Members of the Edgar Wood Society have volunteered to show concert-goers around the building from 1.30pm and there will be an exhibition on the Northern Art Workers Guild in the church hall.
The Edgar Wood Society was formed in April 2011 as Friends of The Edgar Wood Centre.
For three years it developed the ideas of the arts and crafts church and the Middleton Edgar Wood Centre as the ‘centre’ of Edgar Wood’s work and career.
In 2014, the name changed to the Edgar Wood Society to reflect a wider interest in the life and times of Edgar Wood.

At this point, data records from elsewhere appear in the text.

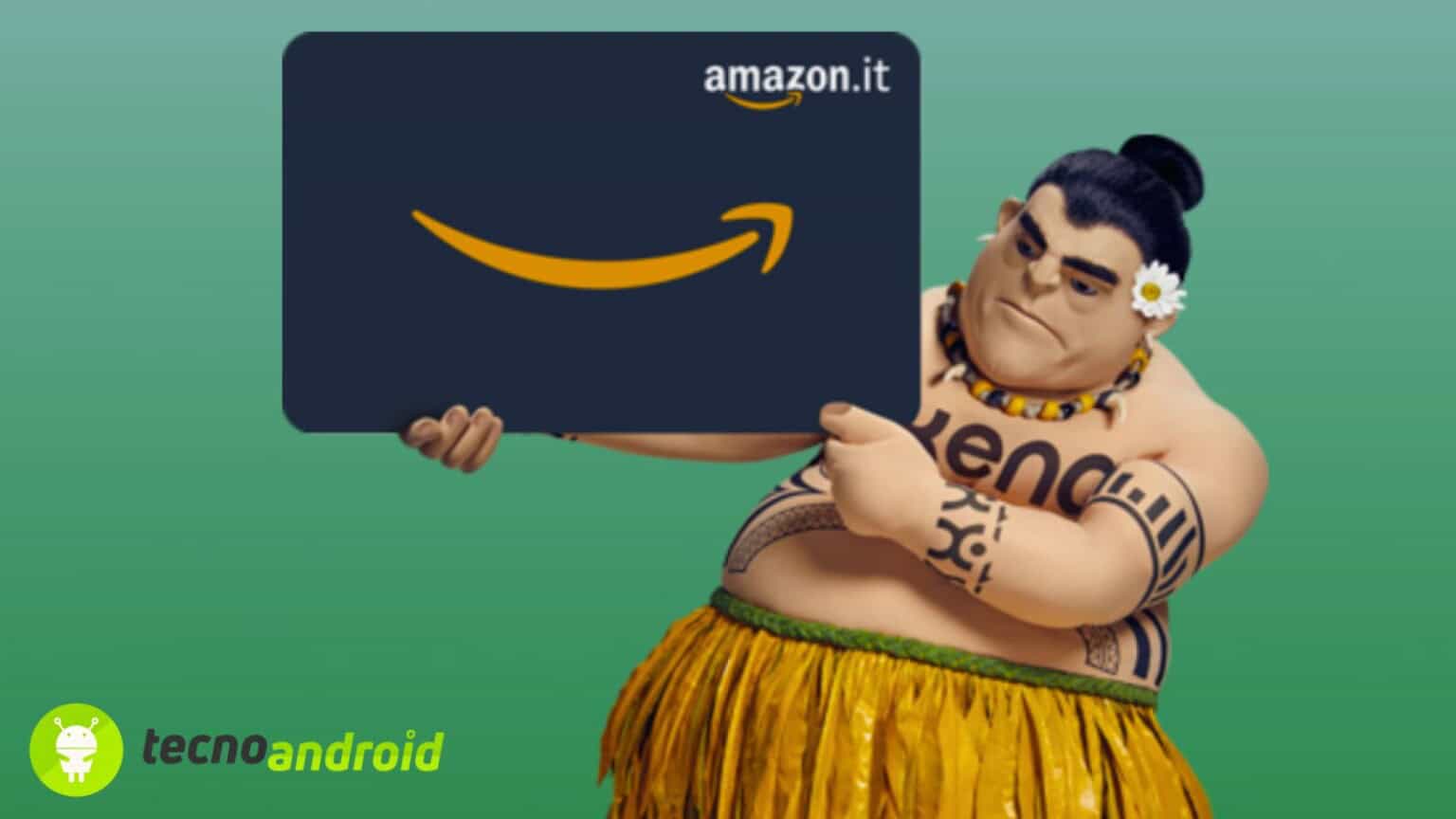 Kena Mobile regala buono amazon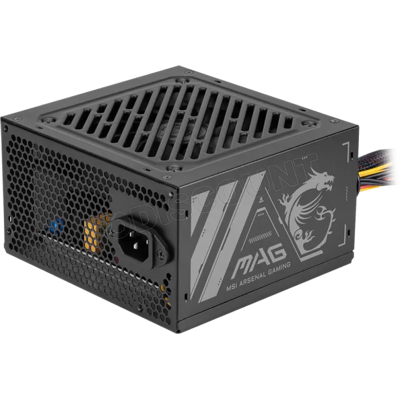 Alimentation ATX MSI Mag A500N-H - 500W Version SI - Publicité Alimentation ATX MSI Mag A500N-H - 500W Version SI - Publicité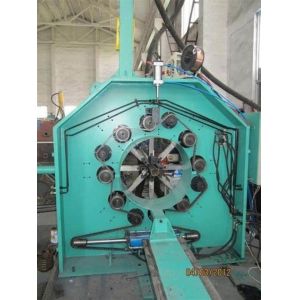 Full Automatic Conical Rod Fit Up and Welding Machine for Round Arc Light Pole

Edgar Wood (1860 to 1935) was an architect, artist and draftsman who practised from Manchester at the turn of the 20th century and gained a reputation in the United Kingdom.
He was regarded as a proponent of the arts and crafts movement which was prevalent between 1860 and 1910.
Wood’s work is principally domestic, but he designed several churches and small commercial buildings.
He worked as an individual designer, mostly with only one assistant, and confined himself to the smaller type of building that he could control personally.
Although he was active in Manchester for more than 20 years, most of his work is in nearby towns, such as Rochdale, Oldham and Middleton (of which he was native).
He was a founder of the Northern Art Workers’ Guild in 1896, one of the major provincial societies within the arts and crafts movement and was president of the Manchester Society of Architects from 1911 to 1912.
Wood retired in 1921 and 21 of his architectural works are listed.
The Mendelssohn on Mull Festival was founded in 1988 by the revered violinist Leonard Friedman, responsible for so much of lasting value in Scotland’s musical life.
The festival provides young professionals in the field of string chamber music with a week of preparation and performance in which to develop their skills, while working with established artists in the surroundings of natural beauty that drew Mendelssohn to Scotland.